Perhaps serious typing needs a mechanical keyboard
What is a mechanical keyboard?
Most inexpensive keyboards, such as those coming with new Windows or Apple computers, even more pricy models such as Microsoft Entertainment or Logitech DiNovo Edge, utilize a flexible membrane layer beneath the keys. When you press a key, a membrane contacts a bottom layer. This allows current to flow, “closing” the switch, so that the parent device registers the key press.
The biggest problem with this type of keyboards is that you have to completely depress the key, also known as “bottoming out.” There is also little to no tactile feedback.
Mechanical keyboards use a complete and separate mechanism / switch underneath each and every key.
This mechanism is constructed to actually write the letter on screen half-way before the switch reaches the bottom, so that instead of pressing with increased force as you reach the bottom, like in membrane keyboards, you use less force, minimizing or even eliminating the impact of your fingers against the body of the keyboard.
In the course of time you may find yourself typing as softly as if surfing, mostly without ever reaching the bottom. However, if you tend to bottom out the keys, you can add Rubber O-Ring Dampeners, that will reduce finger fatique.

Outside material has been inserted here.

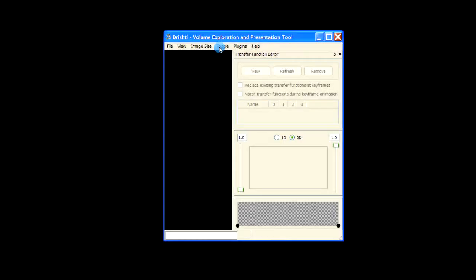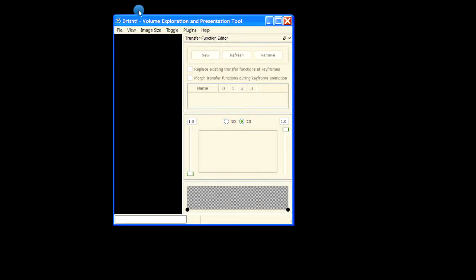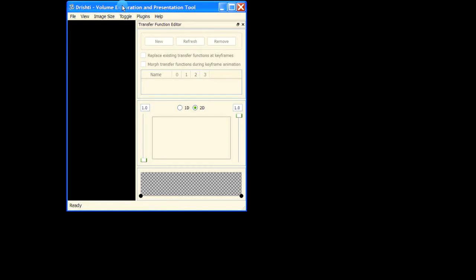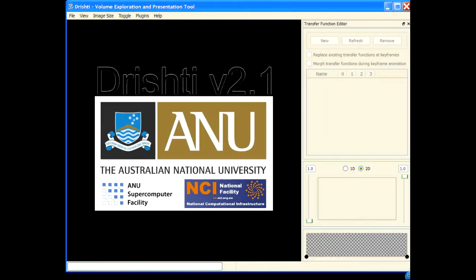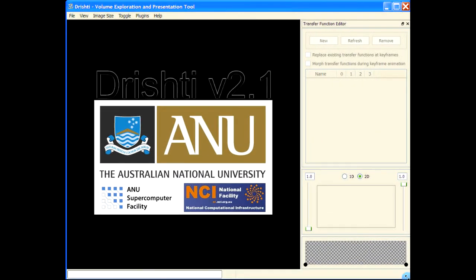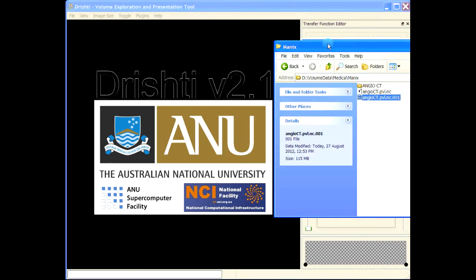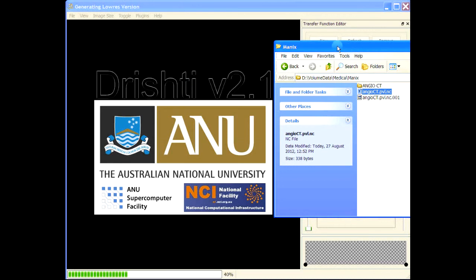Let me kill that off, let me turn that off, and let us start Drishti Render. And we will load this pvl.nc file and render the data. So I'm dragging and dropping angio_ct.pvl.nc.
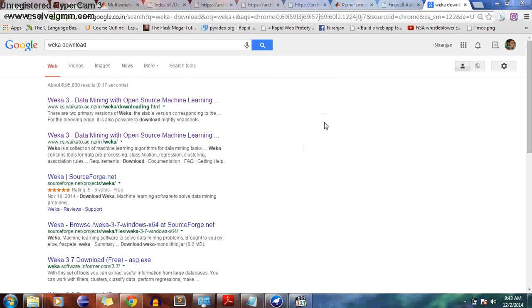Hello everyone. This is not a Weka or MATLAB tutorial, but I will be showing you how to use Weka to apply Bayes Classification, K-Nearest Neighbor, and K-Means Clustering. Then with MATLAB you will be solving two programming questions.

A mechanical keyboard is the only keyboard able to register even all keys at once!, which is also known as full N-Key Rollover. This ability is helpful for those who type really fast and need to be able to hit keys in quick succession.
The clicking sound on a mechanical keyboard depends on personal taste, but what is interesting is how many people find it relaxing. You get the rhythm of clicking while you type and often is a calming sound.
Some people find that the very listening to these clicks helps them create a faster typing speed! Plus, not having to bottom out with each key allows to move to the next letter faster, with less energy wasted and with no fear at all, if the letter you pressed was actually written, or maybe written twice, etc.
The majority of mechanical keyboards use Cherry MX Switches, mechanical switches that consist of a spring and two metal contacts. When depressed, this type of switches causes the plastic stem to go down, at which point a steel spring inside closes the switch, signaling that the key has been depressed.
One of the benefits of Cherry MX switches is the gold-plated contacts. Unlike other metals, gold prevents the contacts from rusting, increasing the lifespan of the switch. There are a variety of switch constructions for this type of keys, and they can be differentiated by the color of the stem, which you can see when you remove the keycap. Various types can be better for certain tasks.